#### WHAT YOU NEED TO DO
Copy the records below exactly, but leave out any picture they contain.
━━━━━━━━━━━━━━━━━━━━
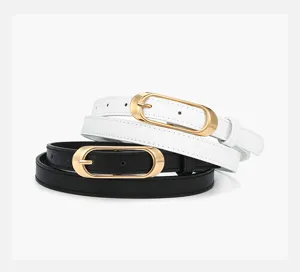 Detail van minimalistische damesriem met elegante ovale goudkleurige gespen in zwart en wit leer.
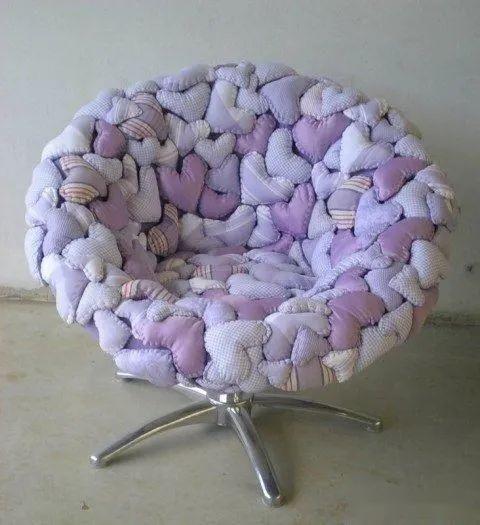 用碎布剪了两块小圆布缝合家居用品用不完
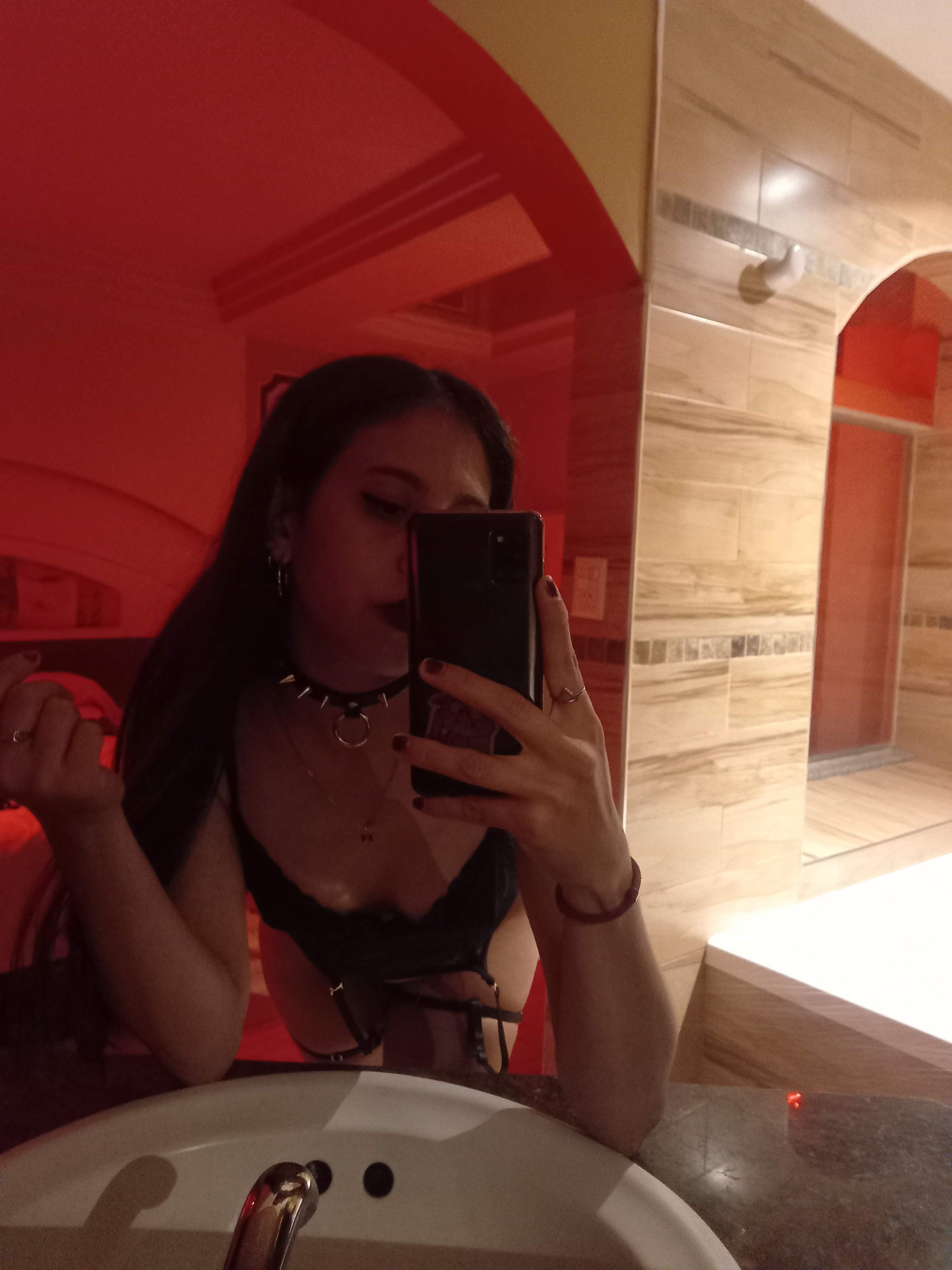 🌹🖤✨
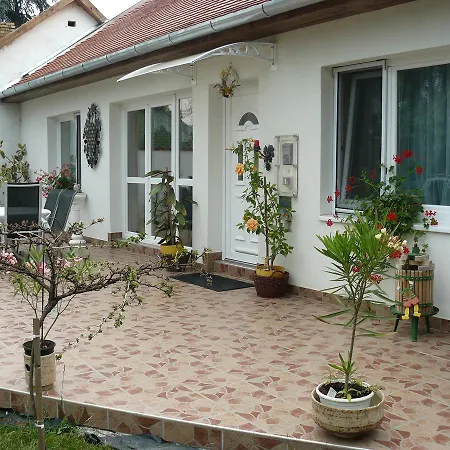 Elizabeth Apartman *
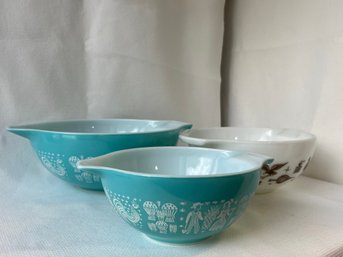 Pyrex Butterprint Turquoise And White Cinderella Bowl Set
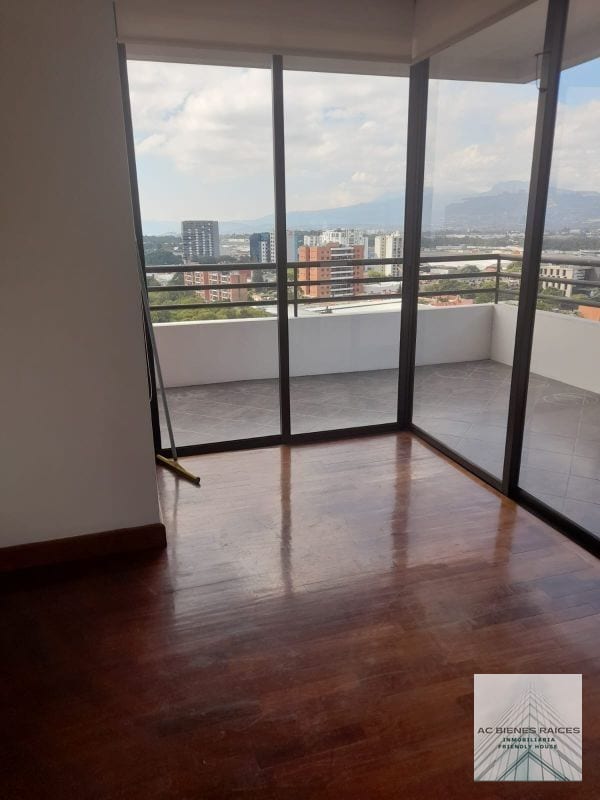 Elegante apartamento zona 14 — Apartamento en Alquiler en Almeira, Zona 14, Guatemala, Ciudad — foto 5 de 16
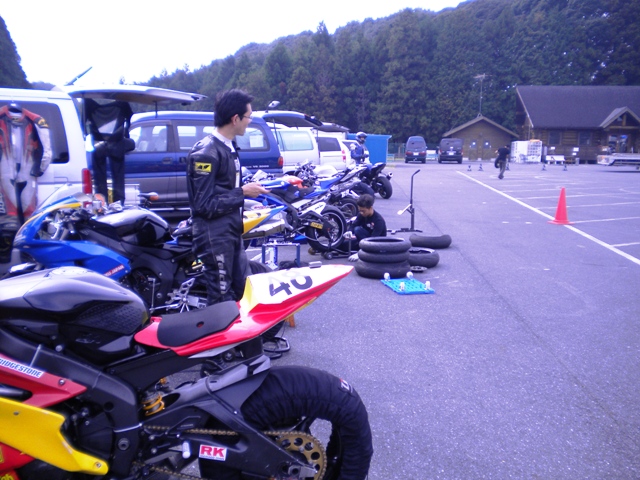 11/3 GSX-R600シェイクダウンinトミン_b0162019_11543092.jpg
━━━━━━━━━━━━━━━━━━━━
#### YOUR SOLUTION
 Detail van minimalistische damesriem met elegante ovale goudkleurige gespen in zwart en wit leer.
 用碎布剪了两块小圆布缝合家居用品用不完
 🌹🖤✨
 Elizabeth Apartman *
 Pyrex Butterprint Turquoise And White Cinderella Bowl Set
 Elegante apartamento zona 14 — Apartamento en Alquiler en Almeira, Zona 14, Guatemala, Ciudad — foto 5 de 16
 11/3 GSX-R600シェイクダウンinトミン_b0162019_11543092.jpg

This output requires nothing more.